** Exercise directions **
Report each line of the entries below that includes "Tray".

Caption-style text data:

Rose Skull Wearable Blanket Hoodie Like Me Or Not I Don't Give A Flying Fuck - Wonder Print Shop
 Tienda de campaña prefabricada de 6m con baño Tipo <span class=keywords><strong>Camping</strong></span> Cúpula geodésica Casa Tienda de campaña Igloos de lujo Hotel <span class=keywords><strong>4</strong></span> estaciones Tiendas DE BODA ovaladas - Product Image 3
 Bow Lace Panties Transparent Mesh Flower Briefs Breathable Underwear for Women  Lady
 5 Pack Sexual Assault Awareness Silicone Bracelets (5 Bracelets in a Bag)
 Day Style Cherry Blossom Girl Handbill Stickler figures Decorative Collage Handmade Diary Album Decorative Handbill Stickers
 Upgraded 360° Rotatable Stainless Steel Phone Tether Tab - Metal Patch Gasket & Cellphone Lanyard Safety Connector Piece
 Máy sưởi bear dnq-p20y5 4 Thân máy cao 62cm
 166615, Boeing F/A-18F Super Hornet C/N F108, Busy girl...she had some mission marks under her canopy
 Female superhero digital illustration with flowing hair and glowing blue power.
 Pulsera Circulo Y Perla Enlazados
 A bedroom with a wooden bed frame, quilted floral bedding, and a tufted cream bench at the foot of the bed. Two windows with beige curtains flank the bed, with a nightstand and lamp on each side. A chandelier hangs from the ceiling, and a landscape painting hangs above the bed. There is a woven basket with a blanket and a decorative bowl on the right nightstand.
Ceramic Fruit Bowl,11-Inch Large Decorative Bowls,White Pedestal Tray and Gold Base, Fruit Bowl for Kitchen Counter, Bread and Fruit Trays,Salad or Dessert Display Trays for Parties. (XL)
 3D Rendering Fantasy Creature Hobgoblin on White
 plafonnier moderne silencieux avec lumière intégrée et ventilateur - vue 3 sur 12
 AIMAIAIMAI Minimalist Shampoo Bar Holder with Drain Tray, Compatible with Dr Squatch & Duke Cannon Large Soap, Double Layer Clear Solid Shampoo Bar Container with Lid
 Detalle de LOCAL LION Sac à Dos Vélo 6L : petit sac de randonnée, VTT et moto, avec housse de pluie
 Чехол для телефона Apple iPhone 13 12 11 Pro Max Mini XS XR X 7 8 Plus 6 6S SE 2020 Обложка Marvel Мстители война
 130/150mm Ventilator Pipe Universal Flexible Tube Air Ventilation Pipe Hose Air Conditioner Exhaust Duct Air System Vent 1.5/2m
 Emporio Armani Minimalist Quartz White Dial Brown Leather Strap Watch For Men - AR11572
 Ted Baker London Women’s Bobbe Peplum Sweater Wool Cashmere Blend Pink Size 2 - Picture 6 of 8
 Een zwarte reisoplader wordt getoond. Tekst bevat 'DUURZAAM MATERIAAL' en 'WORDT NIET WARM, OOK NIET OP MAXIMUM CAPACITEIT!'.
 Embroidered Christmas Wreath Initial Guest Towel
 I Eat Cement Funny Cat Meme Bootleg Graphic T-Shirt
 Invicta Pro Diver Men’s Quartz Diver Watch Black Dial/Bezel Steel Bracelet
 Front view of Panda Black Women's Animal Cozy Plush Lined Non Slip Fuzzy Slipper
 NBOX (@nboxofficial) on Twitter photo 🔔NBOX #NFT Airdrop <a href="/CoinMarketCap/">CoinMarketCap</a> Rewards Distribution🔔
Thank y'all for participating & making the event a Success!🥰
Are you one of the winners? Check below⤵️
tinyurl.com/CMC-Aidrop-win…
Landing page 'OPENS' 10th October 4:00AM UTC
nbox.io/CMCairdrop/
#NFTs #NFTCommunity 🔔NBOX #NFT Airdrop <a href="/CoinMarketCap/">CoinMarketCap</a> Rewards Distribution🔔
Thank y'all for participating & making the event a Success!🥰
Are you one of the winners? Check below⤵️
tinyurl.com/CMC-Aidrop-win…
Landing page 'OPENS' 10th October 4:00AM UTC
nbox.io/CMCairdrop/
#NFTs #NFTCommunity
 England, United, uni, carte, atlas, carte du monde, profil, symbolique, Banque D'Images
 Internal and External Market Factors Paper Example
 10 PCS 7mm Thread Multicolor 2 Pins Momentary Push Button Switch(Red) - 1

** Task answer **
Ceramic Fruit Bowl,11-Inch Large Decorative Bowls,White Pedestal Tray and Gold Base, Fruit Bowl for Kitchen Counter, Bread and Fruit Trays,Salad or Dessert Display Trays for Parties. (XL)
 AIMAIAIMAI Minimalist Shampoo Bar Holder with Drain Tray, Compatible with Dr Squatch & Duke Cannon Large Soap, Double Layer Clear Solid Shampoo Bar Container with Lid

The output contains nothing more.